About a year later we moved in with Michael & Milo. Tessa never did like Milo. At least for her part, she decided that they were sworn enemies. I think it went back to when we had tried to introduce them when she was only 14 weeks old and weighed 4 pounds and Milo was this gigantic, orange, 15 pound Maine Coon who pounced on her because he wanted to play. She was so not amused, and I guess never really got over that experience. So for years she merely tolerated him and she would self-limit her space to usually be my office, or one certain window or table, just to avoid him and any other cats she didn't approve of. Turns out that Tessa was very biased about who she would associate with. She only approved of other animals who were black, or white, or grey, or some combination there of. Two cats we had were her close buddies when we lived in Corpus, but they died in rapid succession just before we move back to North Texas. I think she was as heart-broken as I was at losing them. She also was fond of my brother's dogs when they came to visit. Kona is the white American Eskimo & Mia was the black mixed breed. When they would stay with us, penned in the kitchen, we'd routinely find Tessa hanging out on the counter visiting with them. Even when every other cat in the house had taken to hiding under our bed. So that kind of gives credit to the idea that animals have personalities & quirks too, just like us.
Milo & Tessa:
During medical school, someone attempted to break into the house we were living in. That was the one & only time that Michael has ever paged me with "911" in the phone number. By the time I arrived all the cats were accounted for and many hours later I noticed that Tessa seemed to be keeping her left eye closed & couldn't open it. When I went to touch her face, blood was on my fingers as she pulled back. She had multiple cuts that were hidden by the darkness of the black fur on her face. Minutes later Michael, Tessa, & I were headed to the emergency vets. She had the cuts on her face, but the worst injury was a shard of glass that had gotten lodged in her eye. The e-vet gave us medication & eye drops to use and the next day our regular vet got us an appointment with a veterinary ophthalmologist. For the next few weeks it was touch & go. Dr. Munger was hopeful that we could save the eye, but maybe not the vision. So she & I made the trip to North Dallas 2-3 times a week and finally she started to heal. Her vision was never the same, but after a couple of years to adapt, she started to make jumps more confidently and she'd hang out on windowsills again. Long story short, based on the BB pellets I found across the room and fragments of window glass with BB holes, we suspected that the kid next door to us saw Tessa lounging on the windowsill in my study & he decided to use her for target practice and she got caught in the shattering glass. Then to cover up the BB holes in the window, he smashed it with a golf club, messed up stuff on my desk & tossed the golf club in our back yard. Other than circumstantial evidence I wasn't ever able to prove what happened, but a few weeks later I came across him standing in his yard pointing at my windows with a pellet gun. At that point I got Michael's shotgun & pointed it at the kid until he backed down & went away. I never did seem him back there again. Lesson learned and a cat scarred for life....

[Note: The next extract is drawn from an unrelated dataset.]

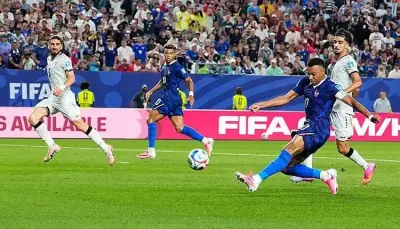 فرنسا تتأهل إلى دور الـ32 بعد فوزها على العراق بثلاثية في كأس العالم 2026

Tessa lived in six different home with us. Moved a total of seven times. Was an intrepid car traveler. Loved & lost three companions and two others who weren't favorites in the past 5 years. And this past August she surprised us all by celebrating her 14th birthday -- unfortunately we curled her whiskers from the heat of the candles on her cupcake. For the past two years she's been my steady room mate in my office. It's the one room that I could easily close her off from the others so that they wouldn't harass her. And I got very used to our evening routine. I'd come in after Tab got to bed & Tessa would hang out either on my desk or in my lap as I checked e-mail, surfed the web & played with my photos. At 14 years old, the equivalent of being a 98 year old human, I should have realized better that this wouldn't last forever. I just wasn't expecting how lonely it would feel in here without her. The other cats don't want to come in right now, and I can't bring myself to start cleaning up all of her things & her fur-drifts off of the floor. Maybe tomorrow, but not right now.
She was stubborn and more than a little hard-headed.
She shed a lot. Year round.
She had a tendency to pee when & where she felt like it, hence the lovely stained concrete floor in my office.
She & I adored each other and she will forever be my "first cat"....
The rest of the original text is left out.